Golang web app security: should you check if input is valid utf-8?

According to several best practice documents, it is a good idea to check whether the input data is UTF-8 or not.

In my project, I use Gin and thus go-playground/validator for validation. There is an "ascii" validator, but no "utf-8" validator.

I found https://pkg.go.dev/unicode/utf8#ValidString, and I wondered if it would be of any assistance to check the inputs with that or is that given, since Go itself uses Unicode internally?

Here is an example:

package main

import (
    "net/http"

    "github.com/gin-gonic/gin"
)

type User struct {
    Name string `json:"name" binding:"required,alphanum"`
}

func main() {
    r := gin.Default()
    r.POST("/user", createUserHandler)
    r.Run()
}

func createUserHandler(c *gin.Context) {
    var newUser User
    err := c.ShouldBindJSON(&newUser)

    if err != nil {
        c.AbortWithError(http.StatusBadRequest, err)
        return
    }

    c.Status(http.StatusCreated)
}

Is it ensured that after Calling c.ShouldBindJson that name in newUser is UTF-8 encoded?
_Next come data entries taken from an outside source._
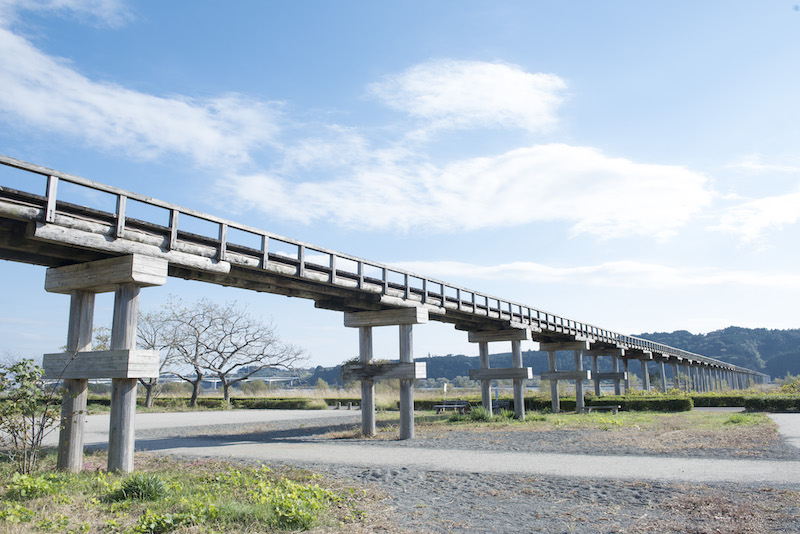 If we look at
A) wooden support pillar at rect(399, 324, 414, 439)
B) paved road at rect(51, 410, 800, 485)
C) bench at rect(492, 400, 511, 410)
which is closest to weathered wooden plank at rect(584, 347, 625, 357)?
bench at rect(492, 400, 511, 410)

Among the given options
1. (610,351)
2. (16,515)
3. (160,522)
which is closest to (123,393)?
(16,515)

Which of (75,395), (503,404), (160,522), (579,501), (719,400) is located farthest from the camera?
(719,400)

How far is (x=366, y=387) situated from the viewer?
2031 centimetres

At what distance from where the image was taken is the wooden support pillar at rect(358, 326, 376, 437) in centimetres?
2011

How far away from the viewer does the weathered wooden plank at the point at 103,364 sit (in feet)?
35.1

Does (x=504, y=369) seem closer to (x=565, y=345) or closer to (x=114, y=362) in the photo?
(x=565, y=345)

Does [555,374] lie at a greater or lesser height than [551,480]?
greater

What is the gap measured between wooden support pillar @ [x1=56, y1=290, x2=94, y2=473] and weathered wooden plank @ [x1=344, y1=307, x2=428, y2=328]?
936 centimetres

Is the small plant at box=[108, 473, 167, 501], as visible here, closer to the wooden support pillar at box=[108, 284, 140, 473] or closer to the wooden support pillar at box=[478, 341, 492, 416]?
the wooden support pillar at box=[108, 284, 140, 473]

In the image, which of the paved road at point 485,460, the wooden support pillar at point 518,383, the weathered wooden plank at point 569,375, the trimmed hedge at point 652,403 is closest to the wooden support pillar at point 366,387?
the paved road at point 485,460

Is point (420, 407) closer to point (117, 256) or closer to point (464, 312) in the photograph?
point (464, 312)

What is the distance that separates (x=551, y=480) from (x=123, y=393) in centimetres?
831

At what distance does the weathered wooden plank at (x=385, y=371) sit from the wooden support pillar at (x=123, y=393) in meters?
9.49

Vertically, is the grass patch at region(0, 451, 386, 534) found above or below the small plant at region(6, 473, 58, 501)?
below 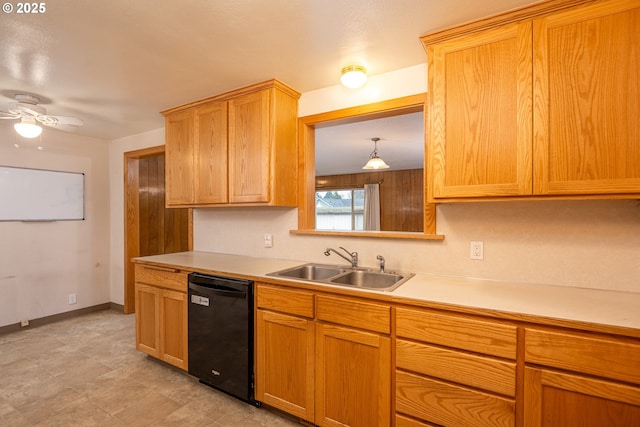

Is there any advantage in checking name with utf8.ValidString?

Solution

Gin uses the standard encoding/json package to unmarshal JSON documents. The documentation for that package says:

When unmarshaling quoted strings, invalid UTF-8 or invalid UTF-16 surrogate pairs are not treated as an error. Instead, they are replaced by the Unicode replacement character U+FFFD.

It is ensured that the decoded string values are valid UTF-8. There is no advantage to checking string values with utf8.ValidString.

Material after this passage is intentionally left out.